Crawled caption data

—————

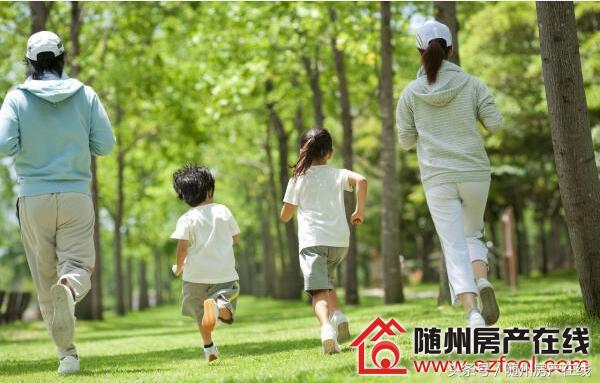 随州荣御中央白云大道,随州荣御中央公园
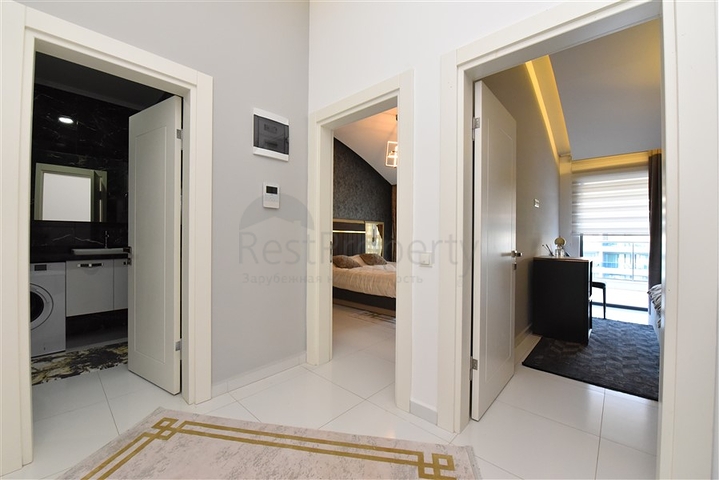 Двухэтажная квартира в одном из лучших комплексов района Каргыджак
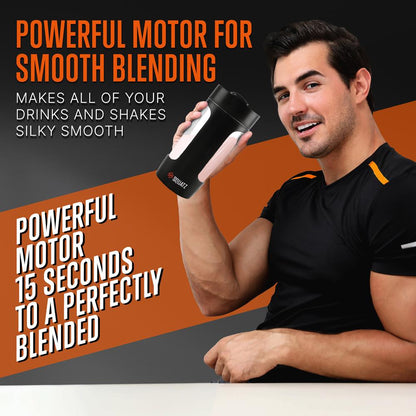 product image number 3 for SQUATZ Electric Shaker Bottle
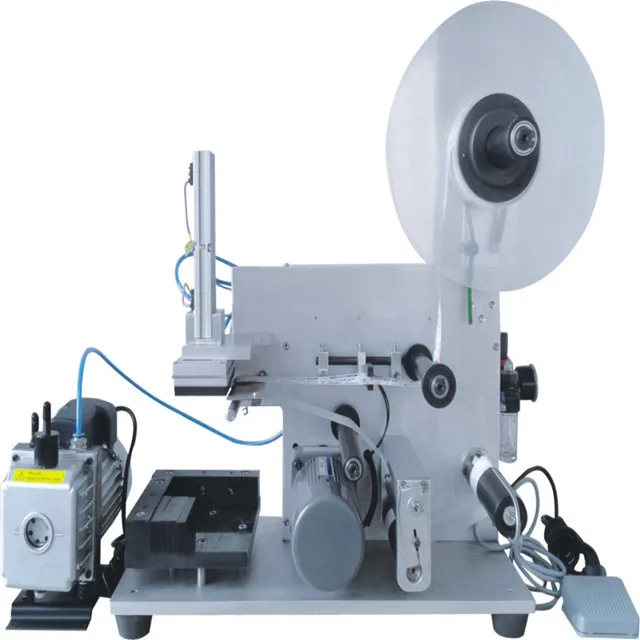 

100% Warranty High Quality 220V/110V Auto Square Bottle Labeling Machine With CE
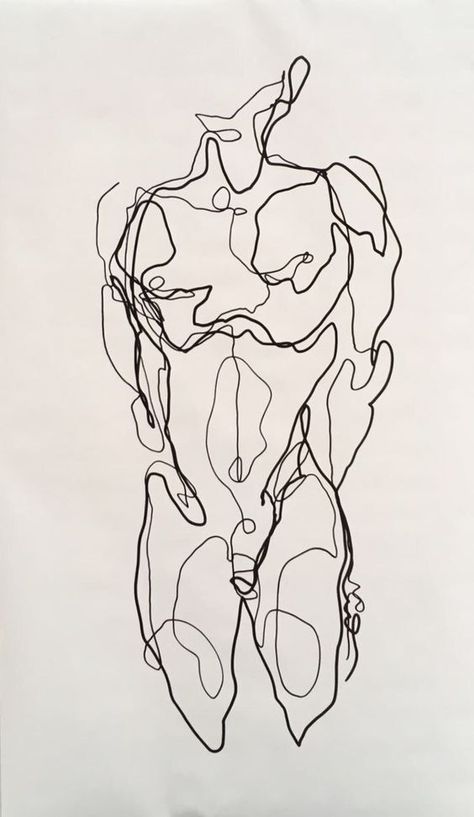 Male Body Art, Miami City, Arte Indie, Queer Art, Outline Art, Arte Sketchbook, Gay Art, Male Art, Line Art Drawings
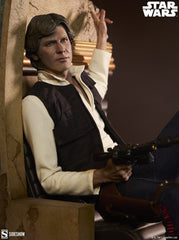 Star Wars Episode IV Mixed Media Premium Format Figure Han Solo: Sorry About the Mess 32 cm 0747720265011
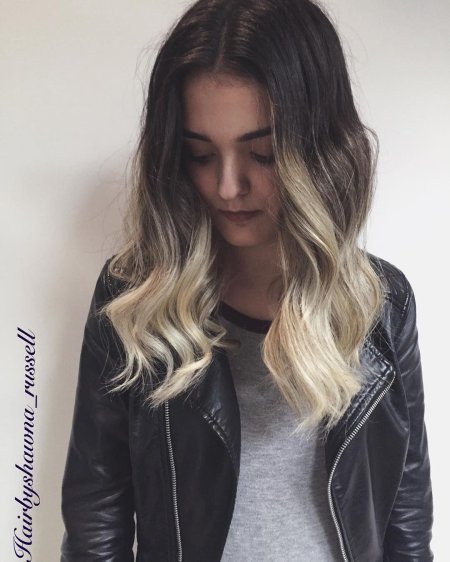 Амбре окрашивание волос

—————

### Problem description
Which lines run from the one holding "100% Warranty High" through the end of the records? Reproduce them word for word, both ends included, with no pictures.

### Answer space
100% Warranty High Quality 220V/110V Auto Square Bottle Labeling Machine With CE
 Male Body Art, Miami City, Arte Indie, Queer Art, Outline Art, Arte Sketchbook, Gay Art, Male Art, Line Art Drawings
 Star Wars Episode IV Mixed Media Premium Format Figure Han Solo: Sorry About the Mess 32 cm 0747720265011
 Амбре окрашивание волос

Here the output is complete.